SOURCE MATERIAL:
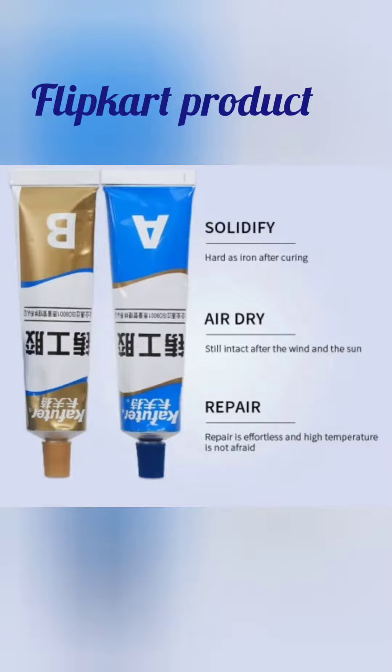Hey guys, welcome back to my channel, Suray for you. Today, I am going to review this one from the flip card.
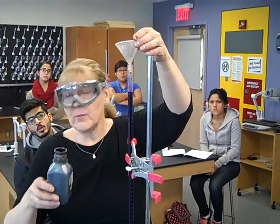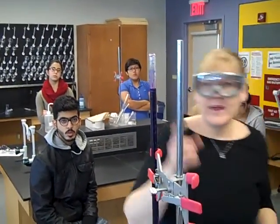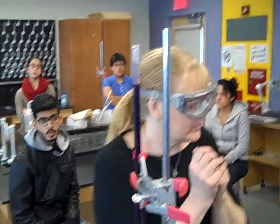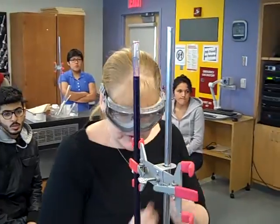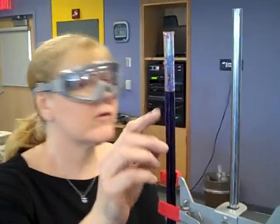I know this is a lovely shade of purple — it will turn everything you own brown. If you get this on your clothes, you will get brown spots. Get it on your hands, you will get brown spots. It is a powerful oxidizer. So I'm going to make sure that there's no air bubbles in the tip, and I want my burette to be starting at zero.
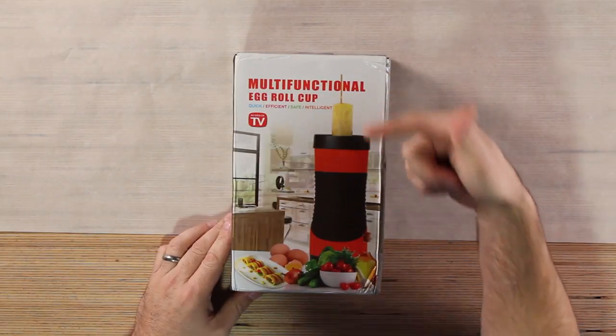Welcome back to Unbox Warehouse. I'm Mike, and today on the table we got this weird egg cooker thing. This is like an As Seen on TV product, but it makes like an egg roll. Not an egg roll like that. It makes like a roll of eggs — multi-functional egg roll cup.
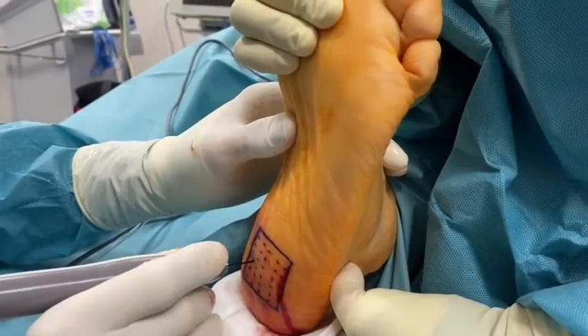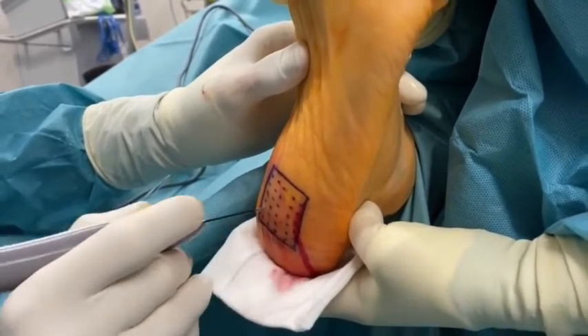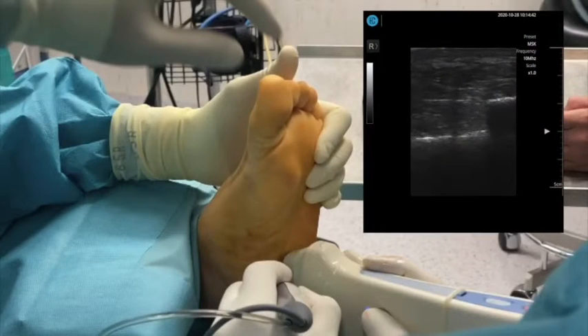Two radiofrequency impulses are delivered sequentially through each previously created percutaneous microincision. Ultrasound guidance can be used at this point too.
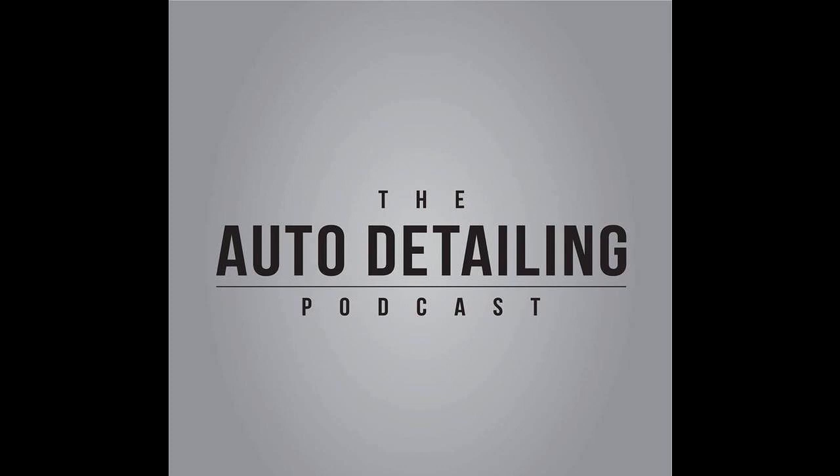Fellow auto detailers, welcome to the show that features interviews with today's most successful auto detailers. This is the Auto Detailing Podcast. Here's your host, Jimbo Balaam.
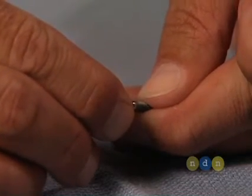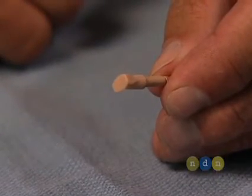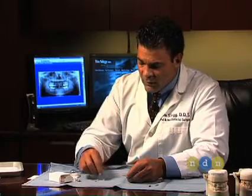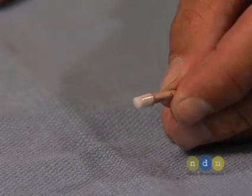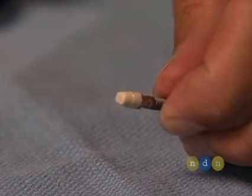The snap cap will then release from the abutment, and a laboratory analog can be placed inside. This can be used to fabricate the model by your lab technician. Also delivered with this kit is a white waxing coping that the laboratory technician can use to fabricate the final crown. A temporary coping is also included and can be used to fabricate an immediate provisional.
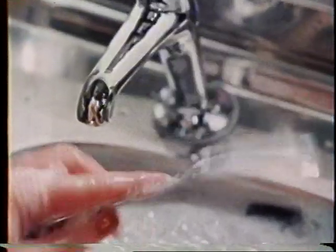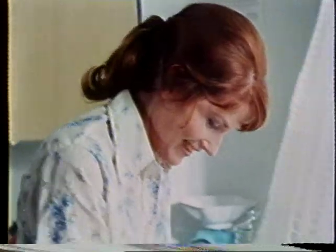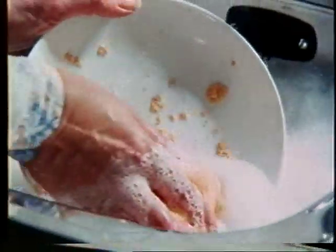Fresh? Yes. Sunlight contains the freshness of lemon. How many other liquids have that? And sharp? You just try it for yourself. Gets those cornflakes off that quickly.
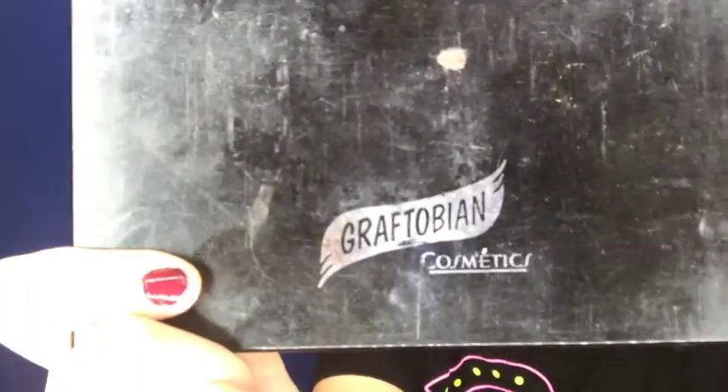Hey guys, welcome back to my channel! Today I am finishing up my Riverdale series with this Veronica Lodge look. I randomly had this black wig and I was like, why not use it? It's a little bit more like Betty in the first season when she puts on that black wig and says 'I am Polly.' I still don't really understand Polly — she has blonde hair, so I don't know. Anyway, I hope you guys enjoy this look!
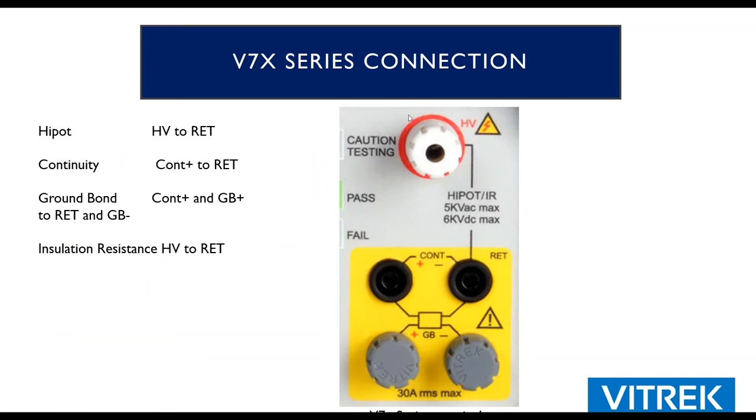A common question is: how do I connect my DUT? A hypot or IR test is always from the high voltage to the return terminal. Continuity is from the return terminal to the continuity source terminal — always a two-wire measurement. Ground bond is a four-wire Kelvin measurement, with the continuity plus terminals on one side and the continuity minus and ground bond minus terminal on the other. The four-wire measurement nulls out any voltage drop in the test leads, which is very important for precise measurements, especially below 100 milliohms.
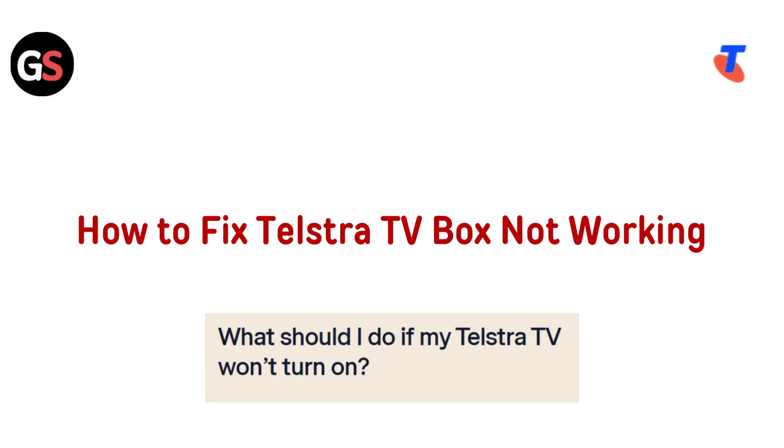Hi everyone. Is your Telestra TV box not working? Don't stress. In this quick video, we will guide you through simple steps to troubleshoot and get it back up and running. Let's dive in.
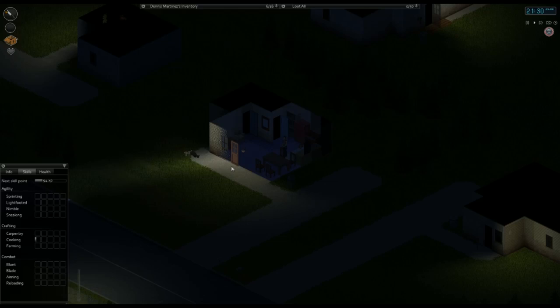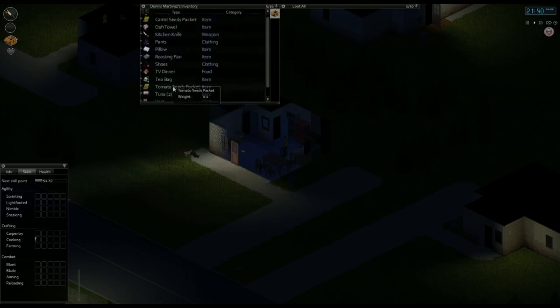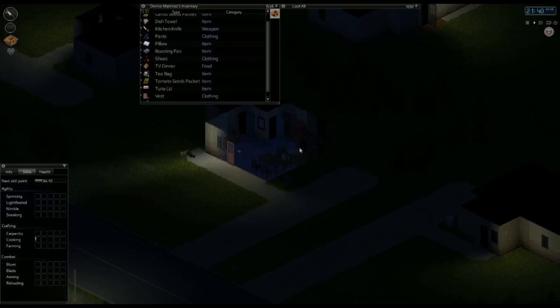So I'm going to show you guys how to do a little bit of cooking. The first thing you want to make sure you have in your inventory is a food that can actually be cooked. Here I have a TV dinner — there it is. It's dangerous if it's uncooked, so you want to make sure that's in there.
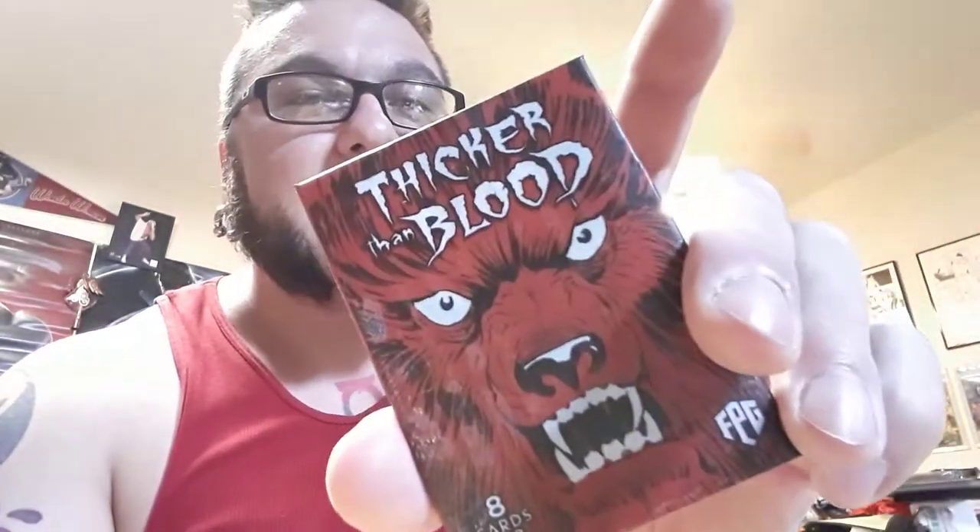The comic Thicker Than Blood was produced in the mid-to-late 2000s, before 2010. This was a collection of it, and artwork was done by Mike Ploog, who — if you know about Man Thing — Mike Ploog is a great horror artist. That's my wax pack; it's got eight cards in it.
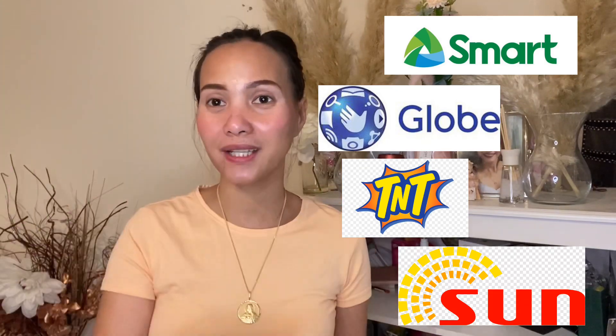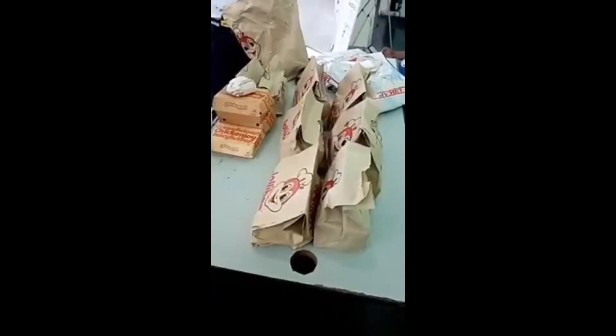Before we go to the rules, let me first show the results from our last para-raffle premium — the Jollibee premium. Let me show you the winners.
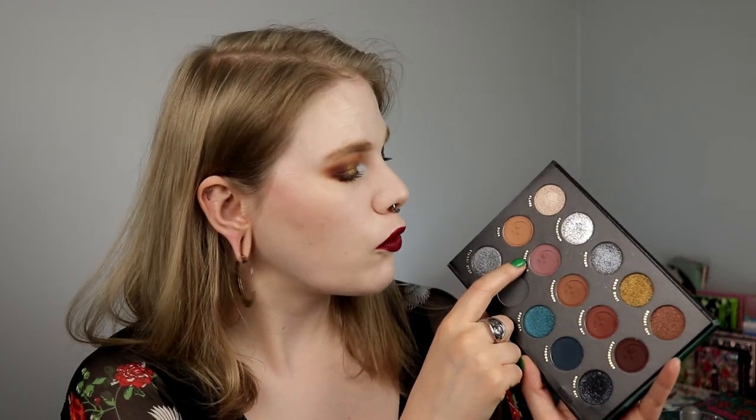I have nothing to complain about. I think Lunar Beauty are really good. This row in the middle — those are the neutral matte shades — they are really interesting, like Rose Thorn. It looks really good. I think this is a great look.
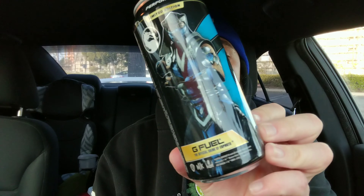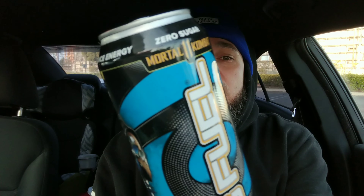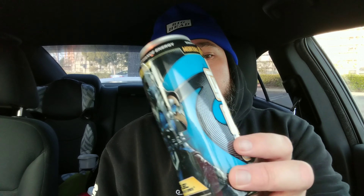Today's workout was fueled by G Fuel — special edition Mortal Kombat collab. Look at that — Mortal Kombat 11 collab. G Fuel Sub Zero can, the flavor is Ice Shatter. Give it a shot, check it out. If you do go to G Fuel and purchase, use code HITSQUAD to support the homie Hitman Harris.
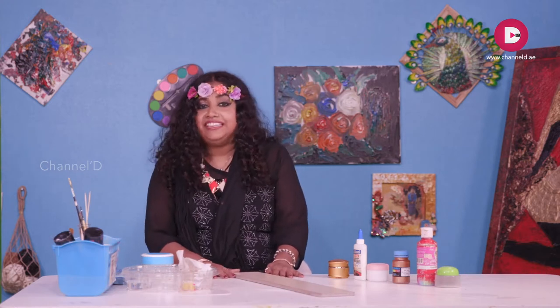Beauty lies in the eyes of the holder. Beauty is here. Welcome to my art world, Art2Heart.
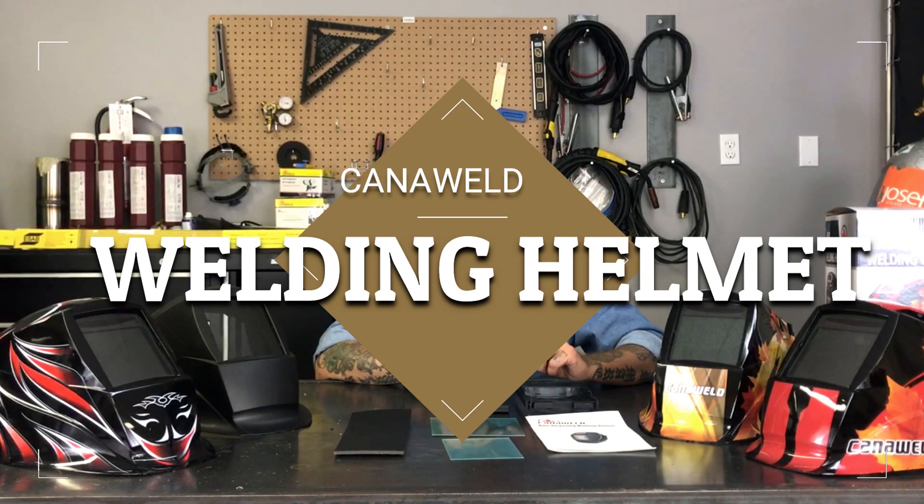Hi, this is Nick from Canoweld coming at you today from our office in Vaughan, Ontario. Today we're going to take a break from talking about our welding machines and we're going to talk about something I'm really excited about — we have a new line of welding helmets.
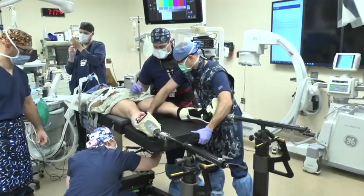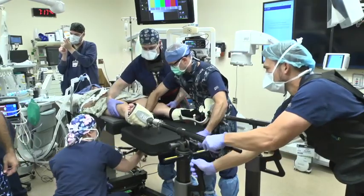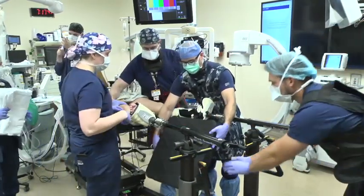The support table is removed from the bed and the boots placed within the traction arms until they click into place.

EXERCISE REQUIREMENTS:
Print exactly, with no pictures, the lines above from the one that holds "So I'm going to show" through the one that holds "Before we go", both of them included.

RESULT OF THE EXERCISE:
So I'm going to show you guys how to do a little bit of cooking. The first thing you want to make sure you have in your inventory is a food that can actually be cooked. Here I have a TV dinner — there it is. It's dangerous if it's uncooked, so you want to make sure that's in there.
The comic Thicker Than Blood was produced in the mid-to-late 2000s, before 2010. This was a collection of it, and artwork was done by Mike Ploog, who — if you know about Man Thing — Mike Ploog is a great horror artist. That's my wax pack; it's got eight cards in it.
Before we go to the rules, let me first show the results from our last para-raffle premium — the Jollibee premium. Let me show you the winners.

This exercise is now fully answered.